I have been working on a new science-based database on fluoride/health
effects that we hope to post on the FAN website in the not-too-distant-future.
It should prove to be an exciting addition to the current array
of information available on the FAN website.
During the time that has lapsed between the last bulletin and
now, a number of important papers on fluoride have been published.
To start the new year off, I thought it would be useful to
do a quick review of some of the more interesting papers published
in the closing months of 2004, and the initial weeks of 2005.
Without further adieu, here they are...
Total Fluoride Exposure:
Erdal S, Buchanan SN. (2005). A quantitative look at fluorosis,
fluoride exposure, and intake in children using a health risk
assessment approach. Environmental Health Perspectives
113:111-7. Available online at: http://ehp.niehs.nih.gov/members/2004/7077/7077.html
This paper attempts an analysis of current fluoride exposure
from all sources among US children in fluoridated and unfluoridated
communities. The authors report a fact that is becoming increasingly
obvious: that some children in both fluoridated AND unfluoridated
areas are receiving more fluoride than the recommended daily
amount.
To quote: “the findings of this health risk assessment
study support concerns that a segment of the infant and child
population in the United States may be exposed to amounts
of fluoride greater than the optimum level for caries prevention...

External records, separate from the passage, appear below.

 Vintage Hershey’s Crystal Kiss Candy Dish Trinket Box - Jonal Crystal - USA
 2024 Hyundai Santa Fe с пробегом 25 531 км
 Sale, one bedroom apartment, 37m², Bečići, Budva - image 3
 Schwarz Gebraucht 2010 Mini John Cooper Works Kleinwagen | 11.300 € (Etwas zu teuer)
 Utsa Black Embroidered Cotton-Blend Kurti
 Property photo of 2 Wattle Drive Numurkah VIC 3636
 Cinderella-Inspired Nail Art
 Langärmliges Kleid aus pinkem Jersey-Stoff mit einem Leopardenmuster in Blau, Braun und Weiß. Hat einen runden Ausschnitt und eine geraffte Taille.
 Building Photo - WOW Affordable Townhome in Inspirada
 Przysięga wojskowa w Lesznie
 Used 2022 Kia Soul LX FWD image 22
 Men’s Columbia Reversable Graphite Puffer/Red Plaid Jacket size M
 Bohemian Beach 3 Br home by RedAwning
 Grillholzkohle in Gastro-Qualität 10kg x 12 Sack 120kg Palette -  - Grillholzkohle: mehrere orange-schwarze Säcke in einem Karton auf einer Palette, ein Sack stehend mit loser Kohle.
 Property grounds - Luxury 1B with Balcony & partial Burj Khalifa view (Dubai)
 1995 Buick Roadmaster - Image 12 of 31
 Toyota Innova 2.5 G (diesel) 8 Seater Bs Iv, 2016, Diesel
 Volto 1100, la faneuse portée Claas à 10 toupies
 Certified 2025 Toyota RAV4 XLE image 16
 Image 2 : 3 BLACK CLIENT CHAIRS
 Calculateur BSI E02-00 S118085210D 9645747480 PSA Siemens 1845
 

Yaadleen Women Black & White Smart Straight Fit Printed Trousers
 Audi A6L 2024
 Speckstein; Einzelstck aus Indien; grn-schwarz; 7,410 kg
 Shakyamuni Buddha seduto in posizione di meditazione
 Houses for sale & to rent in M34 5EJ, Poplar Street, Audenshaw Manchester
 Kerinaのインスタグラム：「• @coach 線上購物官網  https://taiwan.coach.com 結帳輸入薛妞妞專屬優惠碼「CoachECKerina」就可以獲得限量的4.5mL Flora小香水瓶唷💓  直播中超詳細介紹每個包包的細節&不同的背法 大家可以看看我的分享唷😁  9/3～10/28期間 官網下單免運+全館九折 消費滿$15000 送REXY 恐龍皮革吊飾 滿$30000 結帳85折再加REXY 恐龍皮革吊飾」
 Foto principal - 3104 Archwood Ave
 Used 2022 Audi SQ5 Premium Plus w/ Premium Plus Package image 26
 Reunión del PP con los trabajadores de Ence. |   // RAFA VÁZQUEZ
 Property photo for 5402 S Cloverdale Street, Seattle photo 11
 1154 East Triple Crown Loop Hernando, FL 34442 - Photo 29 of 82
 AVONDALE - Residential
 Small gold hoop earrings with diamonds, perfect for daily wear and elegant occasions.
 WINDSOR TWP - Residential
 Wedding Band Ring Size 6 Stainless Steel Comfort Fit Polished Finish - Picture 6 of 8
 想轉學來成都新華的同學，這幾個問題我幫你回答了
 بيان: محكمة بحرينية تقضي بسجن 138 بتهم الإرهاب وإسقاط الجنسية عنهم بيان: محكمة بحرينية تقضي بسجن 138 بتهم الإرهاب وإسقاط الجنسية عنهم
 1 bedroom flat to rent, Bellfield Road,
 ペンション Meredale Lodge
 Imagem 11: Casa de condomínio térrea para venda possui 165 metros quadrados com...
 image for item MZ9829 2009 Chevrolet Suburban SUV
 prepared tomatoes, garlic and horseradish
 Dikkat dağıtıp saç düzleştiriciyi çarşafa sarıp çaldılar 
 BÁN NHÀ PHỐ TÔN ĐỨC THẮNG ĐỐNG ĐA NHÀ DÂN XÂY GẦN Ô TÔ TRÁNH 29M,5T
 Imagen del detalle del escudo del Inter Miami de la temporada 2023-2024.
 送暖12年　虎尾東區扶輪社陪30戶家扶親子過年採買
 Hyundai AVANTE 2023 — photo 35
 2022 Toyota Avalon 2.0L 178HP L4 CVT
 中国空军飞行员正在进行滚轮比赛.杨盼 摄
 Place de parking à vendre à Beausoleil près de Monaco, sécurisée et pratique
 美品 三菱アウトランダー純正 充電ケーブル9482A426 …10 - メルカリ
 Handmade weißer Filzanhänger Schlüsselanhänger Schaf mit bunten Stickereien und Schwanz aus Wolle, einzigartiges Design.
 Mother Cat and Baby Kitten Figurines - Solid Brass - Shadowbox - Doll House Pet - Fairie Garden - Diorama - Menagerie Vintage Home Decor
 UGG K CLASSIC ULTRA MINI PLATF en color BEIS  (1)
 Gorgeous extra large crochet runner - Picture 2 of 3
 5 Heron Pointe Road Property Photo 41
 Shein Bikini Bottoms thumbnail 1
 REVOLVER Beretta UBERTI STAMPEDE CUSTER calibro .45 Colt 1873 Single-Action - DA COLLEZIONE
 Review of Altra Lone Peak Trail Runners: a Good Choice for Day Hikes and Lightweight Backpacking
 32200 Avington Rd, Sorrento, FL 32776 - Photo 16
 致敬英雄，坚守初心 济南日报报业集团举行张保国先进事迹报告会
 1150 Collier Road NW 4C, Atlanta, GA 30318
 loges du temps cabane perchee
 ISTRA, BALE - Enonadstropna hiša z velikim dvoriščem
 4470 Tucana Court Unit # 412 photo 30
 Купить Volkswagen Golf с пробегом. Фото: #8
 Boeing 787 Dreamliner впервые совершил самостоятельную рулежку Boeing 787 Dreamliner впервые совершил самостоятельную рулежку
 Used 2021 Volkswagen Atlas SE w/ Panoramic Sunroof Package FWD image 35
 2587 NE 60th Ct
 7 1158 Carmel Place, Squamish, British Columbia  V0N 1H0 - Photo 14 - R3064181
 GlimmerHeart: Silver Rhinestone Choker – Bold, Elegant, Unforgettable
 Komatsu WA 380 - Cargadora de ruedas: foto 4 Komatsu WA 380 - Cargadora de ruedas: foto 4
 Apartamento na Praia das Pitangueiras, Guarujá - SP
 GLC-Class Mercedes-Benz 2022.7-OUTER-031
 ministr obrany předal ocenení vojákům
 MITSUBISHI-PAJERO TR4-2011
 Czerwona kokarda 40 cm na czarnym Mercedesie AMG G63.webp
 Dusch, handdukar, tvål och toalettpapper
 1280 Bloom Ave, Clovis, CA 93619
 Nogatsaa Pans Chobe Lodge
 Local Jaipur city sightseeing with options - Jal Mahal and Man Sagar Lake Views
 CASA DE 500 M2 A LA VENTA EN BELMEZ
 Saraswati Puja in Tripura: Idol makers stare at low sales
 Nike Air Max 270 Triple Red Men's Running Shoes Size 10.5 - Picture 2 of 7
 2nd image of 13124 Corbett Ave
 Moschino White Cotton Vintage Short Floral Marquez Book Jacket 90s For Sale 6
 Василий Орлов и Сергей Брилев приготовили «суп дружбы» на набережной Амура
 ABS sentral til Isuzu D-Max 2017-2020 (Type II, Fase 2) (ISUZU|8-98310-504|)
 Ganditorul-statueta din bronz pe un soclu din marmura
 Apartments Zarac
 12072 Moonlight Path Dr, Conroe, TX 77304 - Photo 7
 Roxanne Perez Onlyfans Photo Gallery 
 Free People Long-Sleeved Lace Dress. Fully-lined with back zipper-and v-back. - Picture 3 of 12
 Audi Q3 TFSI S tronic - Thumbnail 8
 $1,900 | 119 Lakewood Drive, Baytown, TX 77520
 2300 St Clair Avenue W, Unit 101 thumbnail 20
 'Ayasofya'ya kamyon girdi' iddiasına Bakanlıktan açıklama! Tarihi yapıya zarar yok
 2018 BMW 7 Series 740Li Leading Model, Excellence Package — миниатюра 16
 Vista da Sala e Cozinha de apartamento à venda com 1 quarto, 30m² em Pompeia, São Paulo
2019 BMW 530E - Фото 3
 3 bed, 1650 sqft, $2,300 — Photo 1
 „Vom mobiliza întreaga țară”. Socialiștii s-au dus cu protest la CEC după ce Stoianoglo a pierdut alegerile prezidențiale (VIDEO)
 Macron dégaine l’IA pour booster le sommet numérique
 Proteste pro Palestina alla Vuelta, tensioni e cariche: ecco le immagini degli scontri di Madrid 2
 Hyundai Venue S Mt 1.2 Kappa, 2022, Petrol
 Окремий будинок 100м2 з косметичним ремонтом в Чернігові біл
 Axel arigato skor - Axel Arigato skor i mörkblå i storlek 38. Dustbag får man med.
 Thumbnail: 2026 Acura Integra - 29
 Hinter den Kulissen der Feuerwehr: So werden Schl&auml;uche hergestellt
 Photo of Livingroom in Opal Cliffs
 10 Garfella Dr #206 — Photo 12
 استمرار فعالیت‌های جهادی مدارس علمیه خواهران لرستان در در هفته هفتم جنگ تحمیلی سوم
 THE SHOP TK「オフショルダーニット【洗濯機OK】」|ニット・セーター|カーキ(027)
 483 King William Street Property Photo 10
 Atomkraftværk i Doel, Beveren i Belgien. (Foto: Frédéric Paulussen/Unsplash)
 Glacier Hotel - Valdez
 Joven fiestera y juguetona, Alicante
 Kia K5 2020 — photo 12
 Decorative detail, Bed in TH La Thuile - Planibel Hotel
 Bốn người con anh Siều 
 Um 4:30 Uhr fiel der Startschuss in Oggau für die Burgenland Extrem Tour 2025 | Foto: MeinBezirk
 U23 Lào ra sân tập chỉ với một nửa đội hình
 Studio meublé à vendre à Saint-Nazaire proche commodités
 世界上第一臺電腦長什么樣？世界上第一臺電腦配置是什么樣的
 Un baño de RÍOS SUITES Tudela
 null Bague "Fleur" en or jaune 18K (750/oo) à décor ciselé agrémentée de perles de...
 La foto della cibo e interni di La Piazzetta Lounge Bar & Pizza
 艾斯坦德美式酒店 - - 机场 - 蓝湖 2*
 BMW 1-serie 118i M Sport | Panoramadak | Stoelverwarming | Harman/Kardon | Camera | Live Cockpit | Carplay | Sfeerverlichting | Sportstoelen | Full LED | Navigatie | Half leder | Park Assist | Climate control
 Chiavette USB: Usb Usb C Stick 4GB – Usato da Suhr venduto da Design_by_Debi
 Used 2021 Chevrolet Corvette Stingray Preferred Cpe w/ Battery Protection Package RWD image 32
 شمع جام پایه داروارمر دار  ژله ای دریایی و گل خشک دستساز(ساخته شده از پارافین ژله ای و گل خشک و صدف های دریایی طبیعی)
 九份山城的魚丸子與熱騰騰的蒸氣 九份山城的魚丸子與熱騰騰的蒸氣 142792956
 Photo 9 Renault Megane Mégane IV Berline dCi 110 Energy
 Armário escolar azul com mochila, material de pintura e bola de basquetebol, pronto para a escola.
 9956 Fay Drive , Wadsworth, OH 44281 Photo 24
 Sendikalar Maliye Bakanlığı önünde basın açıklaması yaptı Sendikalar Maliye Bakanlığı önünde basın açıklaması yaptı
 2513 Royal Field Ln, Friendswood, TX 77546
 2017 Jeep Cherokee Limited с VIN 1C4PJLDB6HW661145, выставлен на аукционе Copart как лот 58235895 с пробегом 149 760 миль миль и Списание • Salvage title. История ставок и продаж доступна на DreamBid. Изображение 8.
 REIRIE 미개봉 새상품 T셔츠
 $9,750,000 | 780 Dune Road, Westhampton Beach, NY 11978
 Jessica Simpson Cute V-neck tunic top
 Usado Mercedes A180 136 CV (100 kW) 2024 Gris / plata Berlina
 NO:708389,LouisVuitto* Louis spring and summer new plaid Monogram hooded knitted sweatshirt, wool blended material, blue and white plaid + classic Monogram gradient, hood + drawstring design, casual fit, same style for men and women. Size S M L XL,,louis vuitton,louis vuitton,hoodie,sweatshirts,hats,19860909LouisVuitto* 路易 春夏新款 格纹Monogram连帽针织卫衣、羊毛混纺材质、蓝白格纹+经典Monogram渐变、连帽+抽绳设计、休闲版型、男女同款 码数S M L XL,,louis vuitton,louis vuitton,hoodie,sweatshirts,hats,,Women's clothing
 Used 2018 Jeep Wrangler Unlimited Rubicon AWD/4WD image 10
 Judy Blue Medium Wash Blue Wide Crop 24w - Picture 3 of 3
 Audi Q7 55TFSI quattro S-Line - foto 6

This raises questions about the continued need for fluoridation
in the U.S. municipal water supply to protect against the
risk of fluorosis.”
USDA (2004). USDA National Fluoride Database of Selected Beverages
and Food. Nutrient Data Laboratory, Beltsville Human Nutrition
Research Center, Agricultural Research Service, USDA. Available
online at:
http://www.nal.usda.gov/fnic/foodcomp/Data/Fluoride/fluoride.pdf
In October, the US Department of Agriculture released a database
compiling the fluoride content of various foods and beverages
sold in the U.S. While there are some limitations and problems
with the database (e.g. no data on processed chicken infant
foods, incorrect reporting of published data on fluoride content
in grape juice, and lower fluoride values for soda than previously
documented), it does contain quite a large amount of data
and is worthy of becoming familiar with.
Fluoride/Brain:
Wang J, Ge Y, Ning H, Wang S. (2004). Effects of high fluoride
and low iodine on biochemical indexes of the brain and learning-memory
of offspring rats. Fluoride 37(3): 201-208.
Wang J, Ge Y, Ning H, Wang S. (2004). Effects of high fluoride
and low iodine on oxidative stress and antioxidant defense of
the brain in offspring rats. Fluoride 37(4): 264-270.
These two papers, from a research team in China, examine
the interactive effects of high fluoride and low iodine on
the brain of rats. They provide a valuable addition to the
steadily growing literature on fluoride’s neurotoxicity.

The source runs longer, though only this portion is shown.